** Opening EXERCISE MATERIALS block **

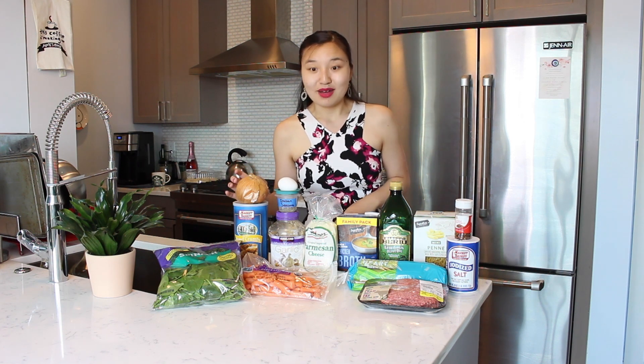For this recipe to make Italian wedding soup we're using some spinach, bread crumbs, some onion, minced garlic, carrots, Italian seasoning — this is homemade, so if you saw my chicken caprese video you saw me make Italian seasoning — I have an egg, grated Parmesan cheese, and some chicken broth.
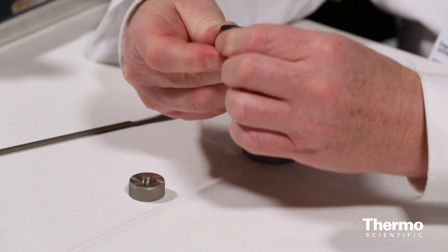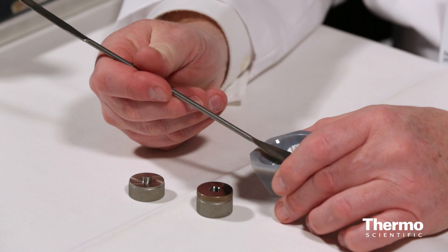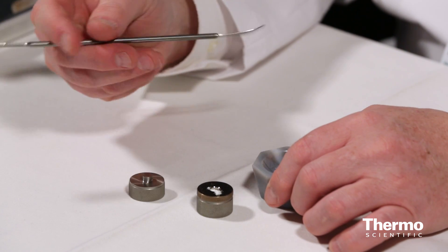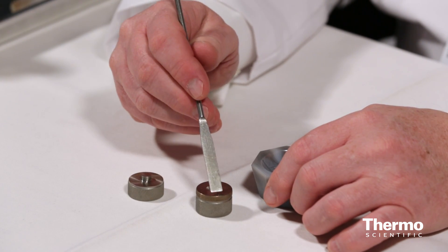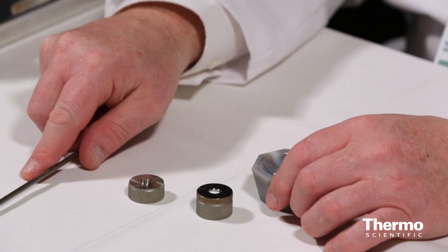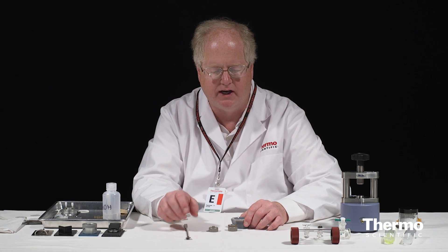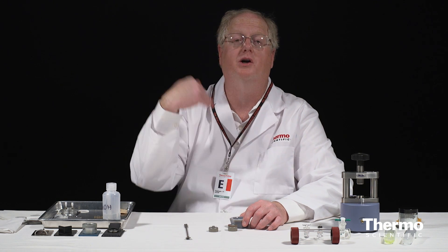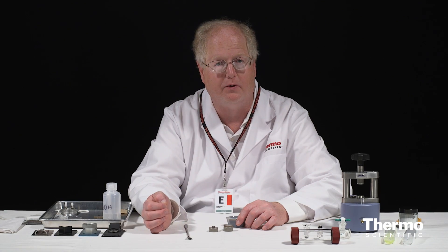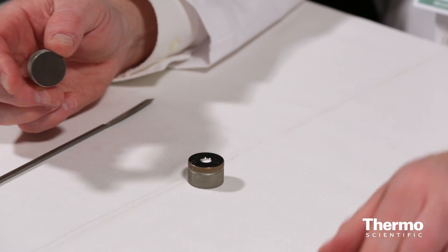So I put the small ring back on, and you notice that leaves me with a cup here. I'm now going to take my powder and insert some. One of the first mistakes people make when making these pellets is using way too much powder. If you use too much, your crystal is going to come out way too thick, and then the L factor in Beer's Law — epsilon L C — is going to be too big and your absorption is going to go off scale. You're not going to be able to see it. So I just have a little thin layer of the powder on the bottom.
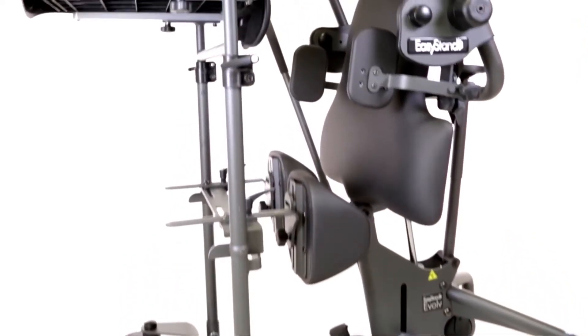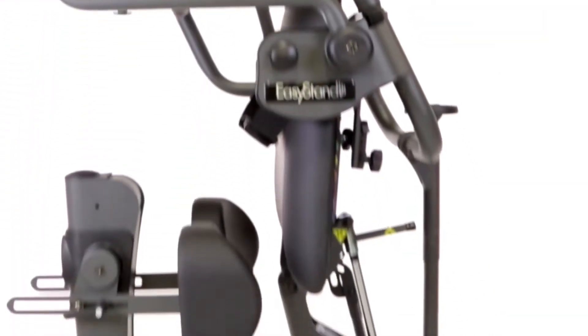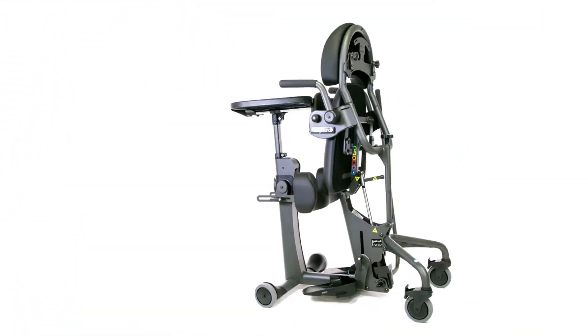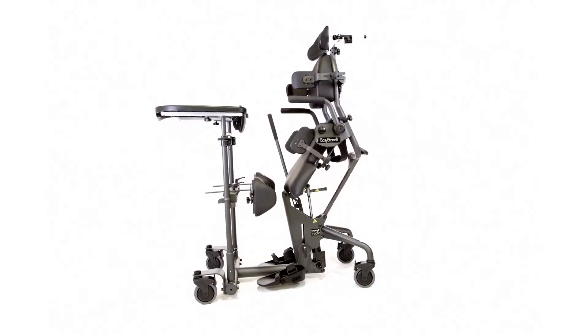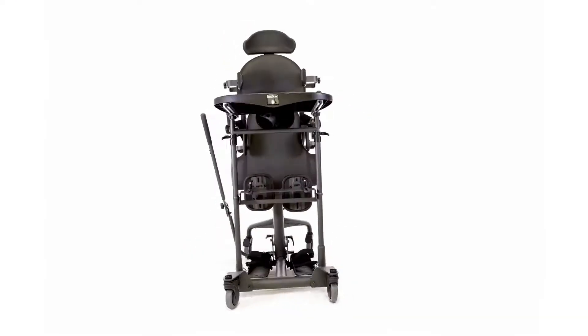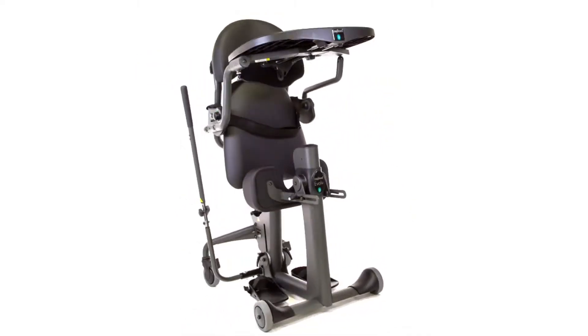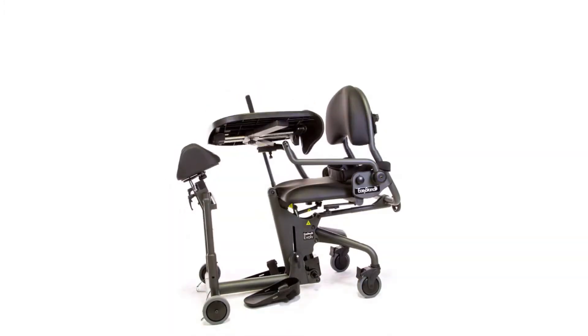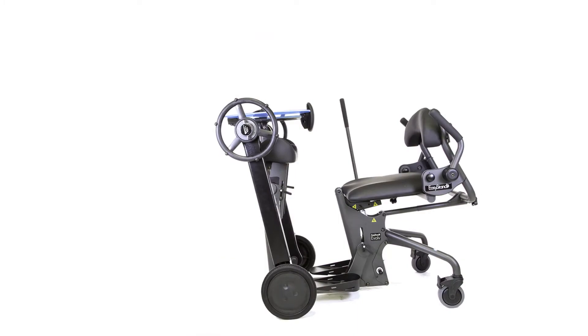Presenting the Easy Stand Evolve, the most innovative stander available. It's available in medium, large, and XT, and can be configured with a standard front, a swing-away front, a shadow tray, a shadow tray with swing-away front, or as a mobile.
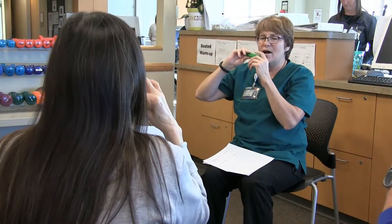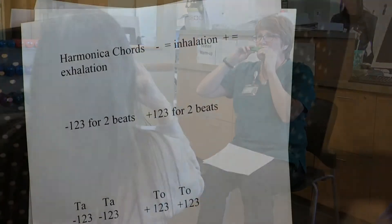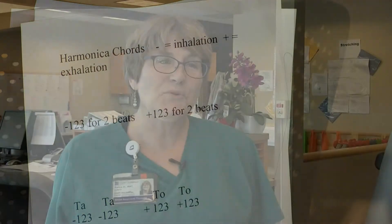We have some songs that we do, but we generally work to hit two or three notes at a time, so we're mostly just playing chords. There are a few naturals in the program — some folks that have really taken off with it.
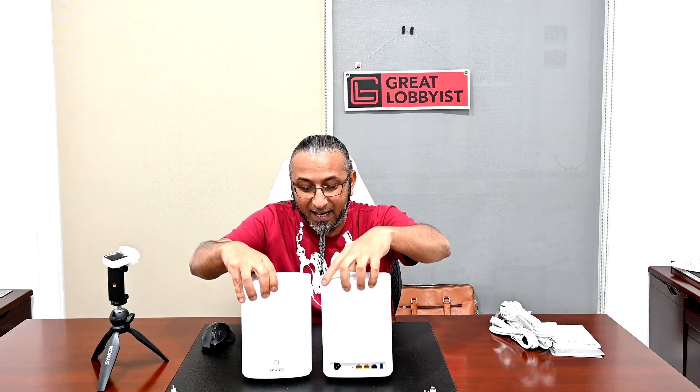The aesthetics are fantastic — it looks elegant sitting on your side table, with a beautiful golden ASUS emblem right on the front, along with the power button. At the back, there's a power port, two LAN ports, one WAN port, one USB 3.0 port, and a reset button. The bottom is neat and clean with rubber feet so it doesn't scratch the surface.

** Closing EXERCISE MATERIALS block **

GOAL OF THE EXERCISE
Please set down the whole listing exactly, apart from the pictures.

WRITTEN RESPONSE
For this recipe to make Italian wedding soup we're using some spinach, bread crumbs, some onion, minced garlic, carrots, Italian seasoning — this is homemade, so if you saw my chicken caprese video you saw me make Italian seasoning — I have an egg, grated Parmesan cheese, and some chicken broth.
So I put the small ring back on, and you notice that leaves me with a cup here. I'm now going to take my powder and insert some. One of the first mistakes people make when making these pellets is using way too much powder. If you use too much, your crystal is going to come out way too thick, and then the L factor in Beer's Law — epsilon L C — is going to be too big and your absorption is going to go off scale. You're not going to be able to see it. So I just have a little thin layer of the powder on the bottom.
Presenting the Easy Stand Evolve, the most innovative stander available. It's available in medium, large, and XT, and can be configured with a standard front, a swing-away front, a shadow tray, a shadow tray with swing-away front, or as a mobile.
We have some songs that we do, but we generally work to hit two or three notes at a time, so we're mostly just playing chords. There are a few naturals in the program — some folks that have really taken off with it.
The aesthetics are fantastic — it looks elegant sitting on your side table, with a beautiful golden ASUS emblem right on the front, along with the power button. At the back, there's a power port, two LAN ports, one WAN port, one USB 3.0 port, and a reset button. The bottom is neat and clean with rubber feet so it doesn't scratch the surface.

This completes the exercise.